Referring to FIG. 5, one embodiment of a method for performing a GROUP BY operation is illustrated. As illustrated, the grouping information is extracted from the aggregation information (500). The only relevant parts are the path information pi and the function used for grouping, fi. For each pi/fi pair, the list of fi values that can be reached for the given document is determined and stored as Fi (502). This information can be obtained from the analytical model (122). Next, out of the cross product of all sets Fi, a subset is determined based on structural and/or value restrictions given in the aggregation information (e.g., second value has to be larger than first value). This set is then sorted and stored in a list of valid value tuples (504). Next, the result list L is initialized (506) and then populated (508). For the population, the list of valid value tuples is iterated over. For each tuple found, a list of valid node tuples is created and added to L as a new element. Similar to the validity of value tuples, the validity of a node tuple is determined by structural and/or value restrictions given in the aggregation information (e.g., second node has to be sibling of first node). This way, the list L becomes a list of lists of n-tuples. The resulting list L is then returned (510).

GROUP BY EXPAND Operation

Referring to FIG. 6, one embodiment of a method for performing a GROUP BY EXPAND operation is illustrated. As illustrated, the grouping information is extracted from the aggregation information (600). The only relevant parts are the start and end of the expansion (p1 and p2, respectively) and the grouping function f. Next, all possible path expansions starting from p1 ending with p2 are computed for the given document and stored as P (602). This information can be obtained from the analytical model (122). Afterwards, |P| node pointers are initialized to the starting points of all path expansions (604). These pointers mark the current expansion level in the document. Then, the resulting hierarchical node list is initialized (606) and populated. If all node pointers have reached the last node in their corresponding path expansion (608), L is returned (610). If the check (608) fails, more node pointers can be updated. In this case, some (this can be one, all, or a subset of) node pointers are moved to their child nodes along the expansion path (612). Next, the set of node pointers is partitioned based on the function f (614).
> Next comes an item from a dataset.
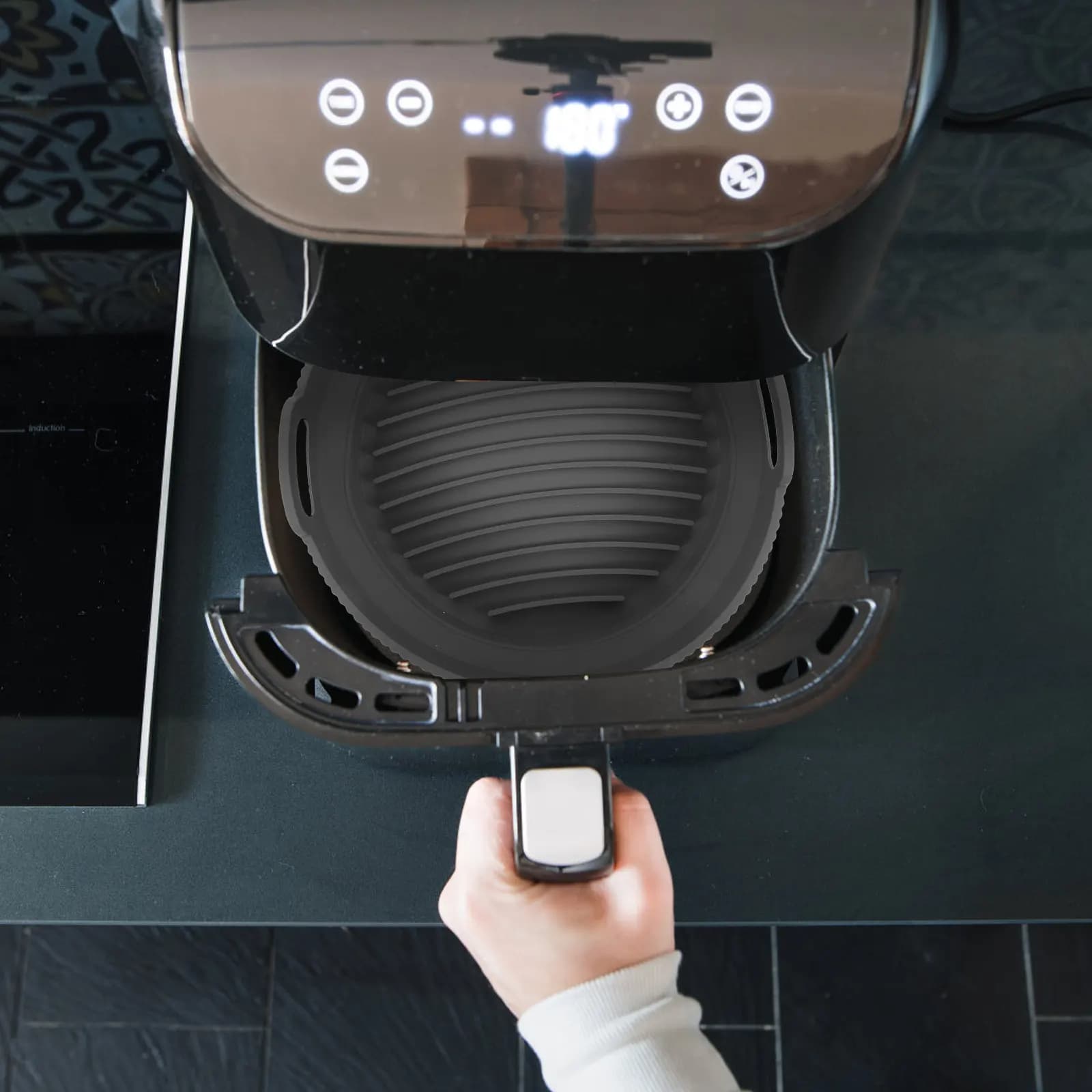 Tappetino Premium Riutilizzabile in Silicone per Friggitrice ad Aria, Antiaderente e Pieghevole, Accessorio da Cucina per Ali di Pollo, Hamburger, Pesce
This means that f is applied to the nodes of all current node pointers and the resulting value determines which node pointers will be grouped together in one partition set. Once this partitioning is done, a new list of node lists M is initialized (616), populated (618), and added to L as a new element (620). The population encompasses, for each partition set, adding a list of document nodes N1, . . . , Nk to M such that each Ni is a node with path p2 and located in the subtree of one of the partition set nodes. Once M was added to L, it is again checked whether some node pointers can be further updated or whether all pointers have reached their final node (608). For this operation, L is a list of lists of node lists.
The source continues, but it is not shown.